Eh, originality is overrated anyway. What really matters is that 30 Rock had what those other shows could only dream of having: a guest appearance by Oprah Winfrey, a magical creature who's like the pope of secular America. She's the world's most benevolent cult leader, an all-powerful deity who just wants people to read good books and be good to each other. Heck, she single-handedly got Obama elected President.

But I'm getting ahead of myself. Tonight, Jack conspired to keep Kenneth from telling the world that NBC faked a series of Olympic events/genius sight gags–like tetherball, group tennis and synchronized running–as a way of boosting ratings/morale/ W's approval ratings. Kenneth was previously illusioned but learning that Jack may have behaved in an unethical fashion leaves him disillusioned. Meanwhile Tracy and Jenna decide to switch places–criminy, where have I seen that before?–to determine who has it roughest–black people or women.

The Tracy/Jenna subplot wasn't the most inspired idea in the world but it did give us one of my favorite gags in 30 Rock history: the revelation that the make-up people ran out of powder while giving Tracy a white bottom so they wonderfully, inexplicably, delightfully, hilariously gave him a monster claw. That was so very awesome. Seriously: all the adverbs in the world can't do justice to that brilliant gag.

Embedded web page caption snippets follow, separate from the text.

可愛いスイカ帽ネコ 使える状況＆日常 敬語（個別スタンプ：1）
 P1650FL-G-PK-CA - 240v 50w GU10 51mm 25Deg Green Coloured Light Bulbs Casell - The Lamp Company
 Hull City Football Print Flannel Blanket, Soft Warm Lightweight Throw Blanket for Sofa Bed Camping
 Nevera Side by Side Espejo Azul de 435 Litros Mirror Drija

Ah, but I haven't even gotten to the main event. Liz flies back to New York after getting out of jury duty by dressing up like Princess Leia and finds herself sitting next to someone she imagines is Oprah Winfrey. Hopped up on Screaming Meanies, Purple Poppers and Magenta Goofballs, Liz unleashes a rambling, borderline incoherent monologue about everything and everyone in her life. I found this part of the episode a little underwhelming but their were some delicious moments, like when Liz put her hand under her chin thoughtfully and frowned when she confessed that she kissed a girl in college who then drowned–events that seemed inextricably interlinked in her mind. It turned out she imagined the whole thing, but the stranger she brought back to New York helped solve all Tracy and Jenna's problems anyway. Apparently merely having an Oprah-like vibe allows you to achieve Oprah-like acts of magic and wonder.

The Oprah appearance was treated as such a seismic cultural event that tonight's episode couldn't help but feel like a letdown. A good rule of thumb when it comes to 30 Rock is the bigger the star, the weaker the episode. Consequently my favorite 30 Rock guest stars are the low-to-mid-level likes of David Schwimmer, Carrie Fisher and Tim Conway while super-duper-double-mega-stars like Oprah and Seinfeld appeared in merely solid episodes. I think that was part of the problem: tonight's episode was all about the cult of Oprah, just as the Seinfeld episode was all about the cult of Seinfeld, and not the characters we've come to know and love. They clearly built an episode around Oprah instead of giving her a funny character to play. Not a lot of people know this but before she saved the world, Oprah actually used to be an actress. An Oscar-nominated one at that.

There was still a lot of great shit in tonight's episode, and I liked the way the Kenneth/Jack thread became a morality play about the nature of compromise and temptation but it sagged a little under the weight of all that Oprahosity.

Grade: B+ Stray Observations–
–Is it just me or is Tracy given less to do with each episode? He's one of my favorite characters in television history but 30 Rock is very much threatening to turn into the Liz and Jack Show
–Hey, remember when 30 Rock was a show about a Saturday Night Live-style sketch show? They seem to have thrown out the whole show-within-a-show aspect entirely.